It is believed that the word “boogaloo” or “bugalú” originated to describe a Latin music and dance style originating in New York in the 1960s. It came to TV in 1970 with the kids’ program, “Boogaloo with the Bugaloos,” a kind of takeoff on “The Monkees,” which in turn was a takeoff on the Beatles.

The name was something the originating committee “just came up with” when planning the first Boogaloo in 1984, Reed said.

The four-piece group Signature – The Band of Lake Charles will play, and seven Lake Charles restaurants and caterers will provide food. Signature plays rock music from the 1960s to New Age rock, so it can be counted on to perform some of the hits from 1963, the year the museum opened.

“Come party with Liz, Dick, and Cleopatra, The Beach Boys, Mickey Mantle, The Pink Panther, or perhaps Puff the Magic Dragon,” Reed said. “Dress as your favorite ‘63 icon or Bond character. (The first James Bond smash hits, “Dr. No” and “From Russia with Love,” came out in 1963.) Costumes aren’t mandatory but sure add to the fun,” she said.

Under the auspices of the Junior League of Lake Charles, Imperial Calcasieu Historical Museum opened at City Hall in March 1963. In December it moved to 1019 Lakeshore Drive, the 1903 stable building that now houses the Junior League. The league gave financial aid, volunteer service and operated museum for three years. In 1966, administration was assumed by the Fine Arts Board of Old Imperial Calcasieu Inc. In 1971, the museum moved from downtown to a new building at 204 W. Sallier, its present site, next to the historic Sallier Oak.

In 1984, the Gibson-Barham Gallery was added to provide additional exhibit space. In the same year, the old John Geddings Gray School building was moved from west Calcasieu and reconstructed as the museum annex, to provide space for smaller events.

“The first exhibit in 1968 was a display of Spanish colonial paintings on loan from the New Orleans Museum of Art,” Reed said.

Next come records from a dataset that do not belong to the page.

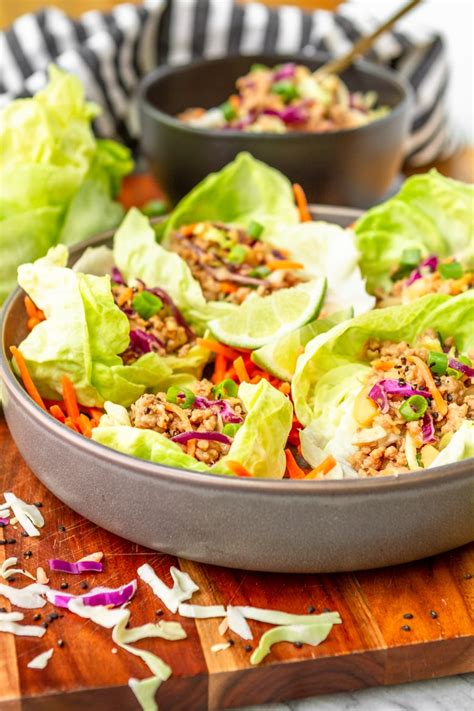 quick-easy-asian-ground-pork-lettuce-wraps image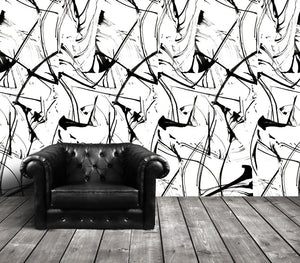 BRUSHSTROKES IN BLACK & WHITE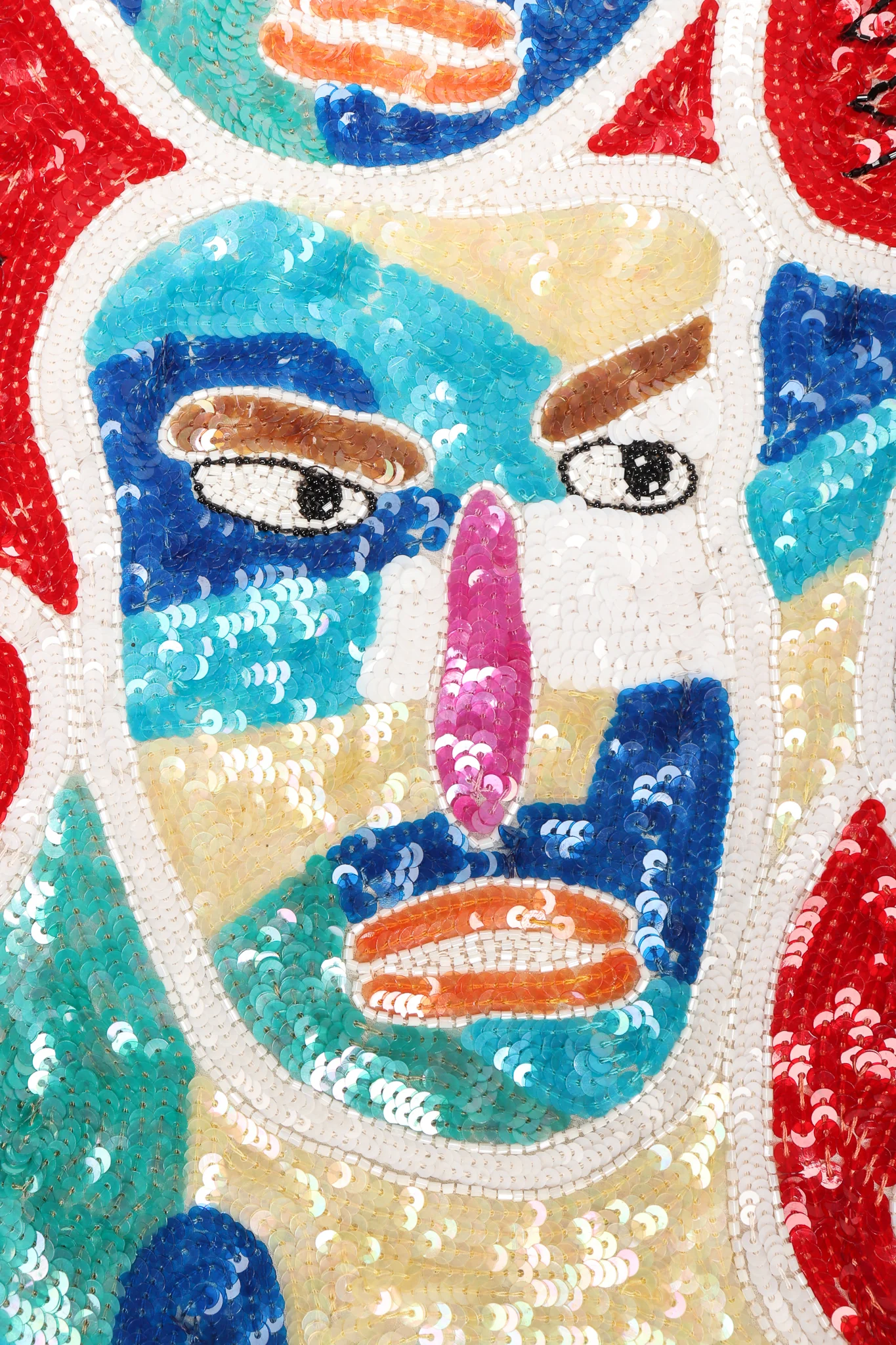 Abstract Faces Dolman Tunic - Image 14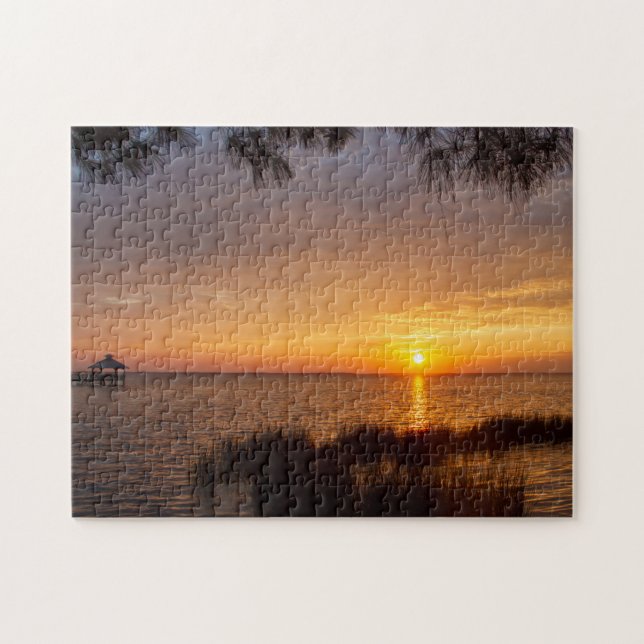 Sound Sunset OBX Jigsaw Puzzle (Horizontal)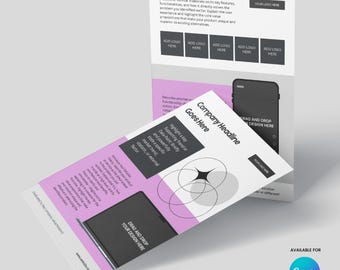 Modern One-Pager Template for Canva - Forma 20 Collection | Editable Business Overview & Service Sheet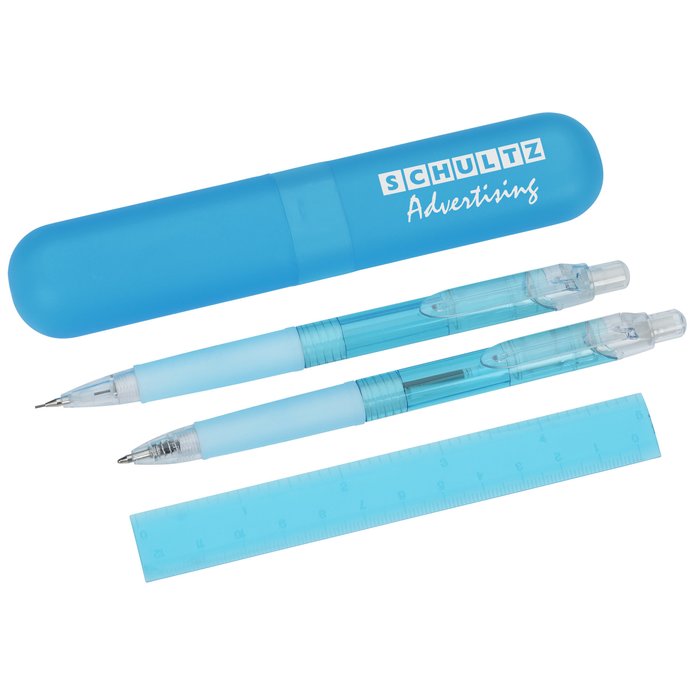 Custom Caribbean Mechanical Pen and Pencil Set with Ruler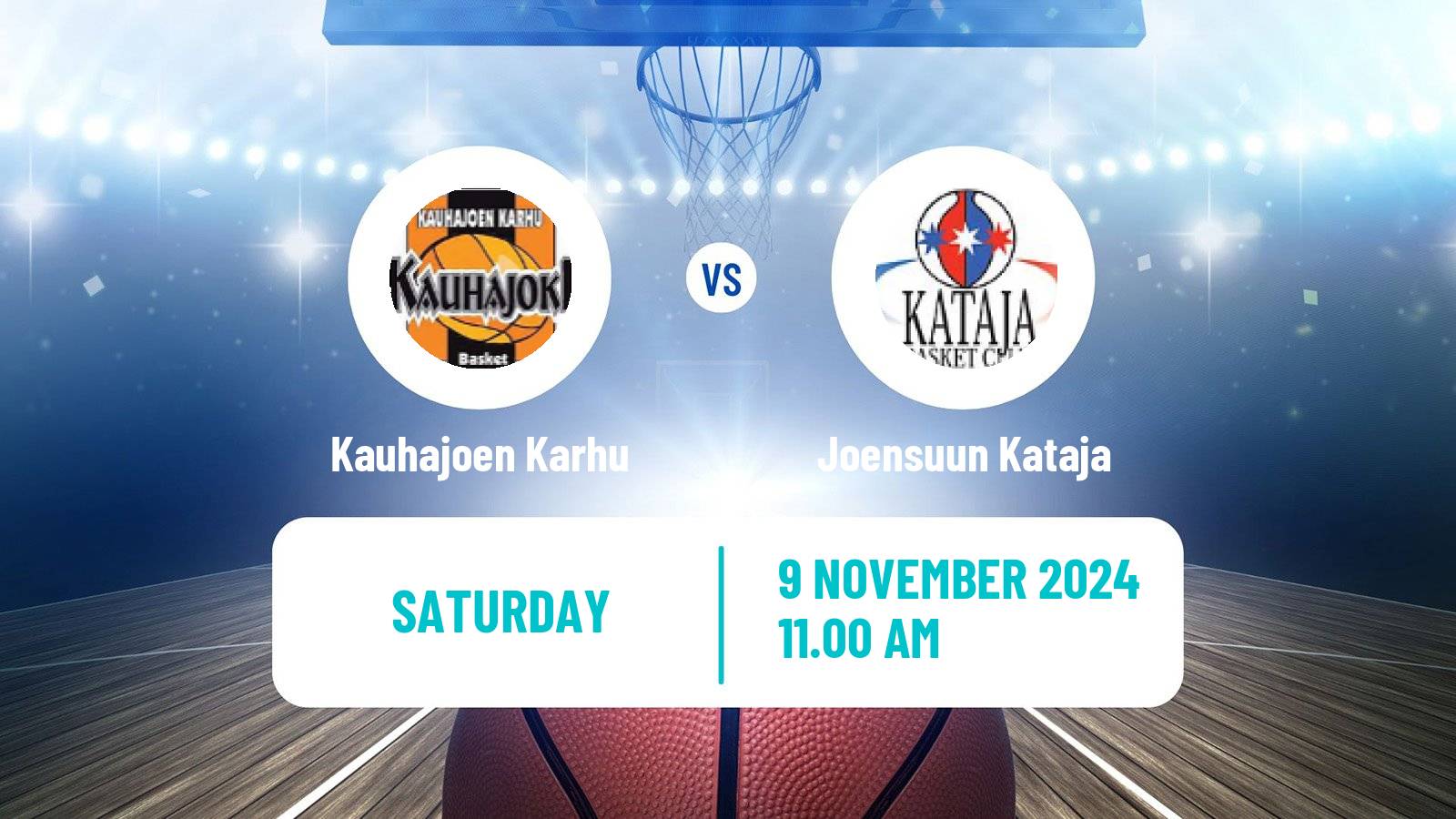 Basketball Finnish Korisliiga Kauhajoen Karhu - Joensuun Kataja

Later there was an exhibition of paintings by Robert Gordy of New Orleans, one of the most influential abstract impressionist in America. To observe the turn of the century, the museum was host of “Treasure Houses: Louisiana Museums for a New Millennium,” a traveling exhibit in 2000-2001 made up of art on loan from museums around the state.

“We’ve had Warhol, Matisse, Miro, Rodrigue and other great names in the art world,” she said.

If you go

• Tickets to Boogaloo cost $40 for Imperial Calcasieu Museum members and $50 for non-members.

They can be purchased at the museum or Gordon’s Drug Store on Lake Street.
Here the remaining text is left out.